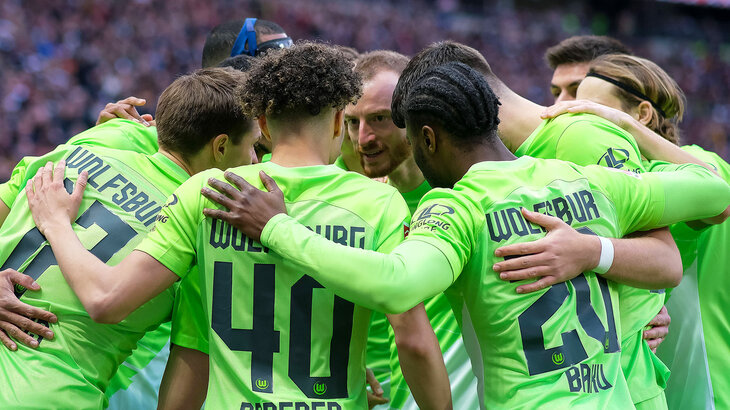 VfL-Wolfsburg-Spieler Max Arnold gibt seinen Teamkollegen im Mannschaftskreis Anweisungen während einer Partie. 
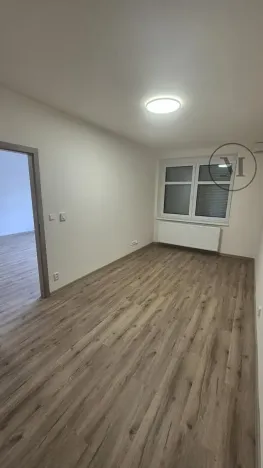 Pronájem bytu 2+kk, České Budějovice, Novohradská, 50 m2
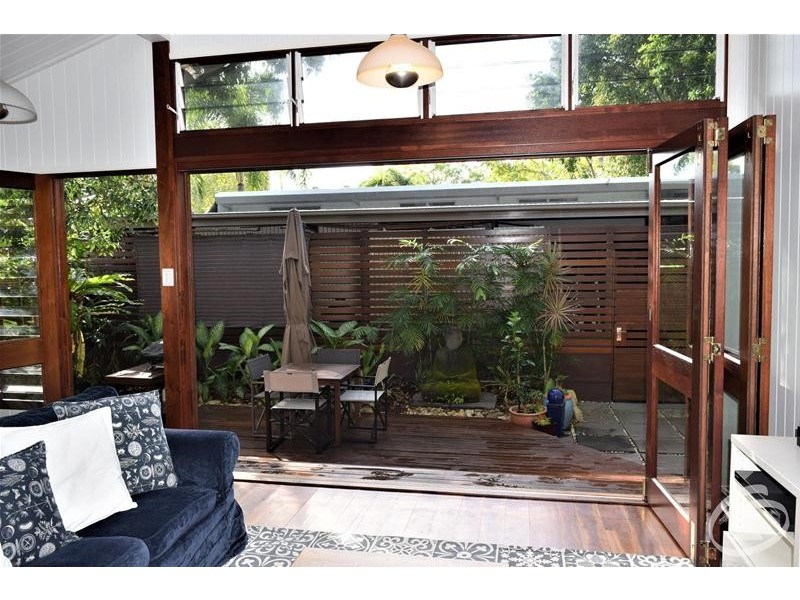 96 Christensen Street, Machans Beach QLD 4878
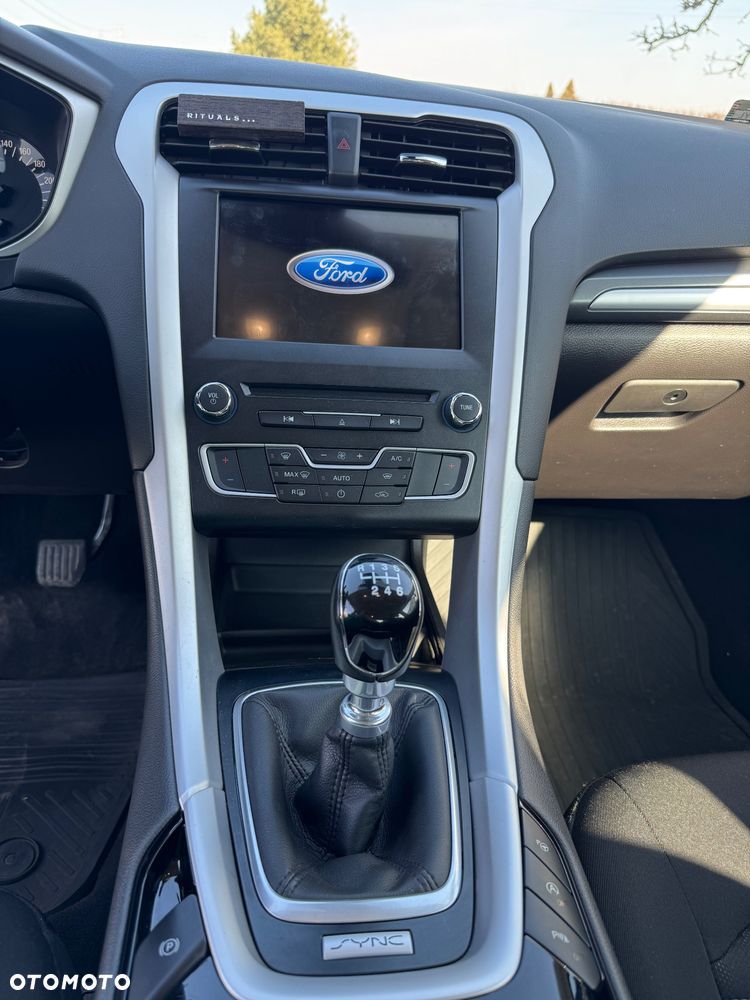 Ford Mondeo 2.0 TDCi Trend - 13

*Activity*.
Restate the full listing word for word, excluding images.

*Answer for the task*.
 VfL-Wolfsburg-Spieler Max Arnold gibt seinen Teamkollegen im Mannschaftskreis Anweisungen während einer Partie. 
 Pronájem bytu 2+kk, České Budějovice, Novohradská, 50 m2
 96 Christensen Street, Machans Beach QLD 4878
 Ford Mondeo 2.0 TDCi Trend - 13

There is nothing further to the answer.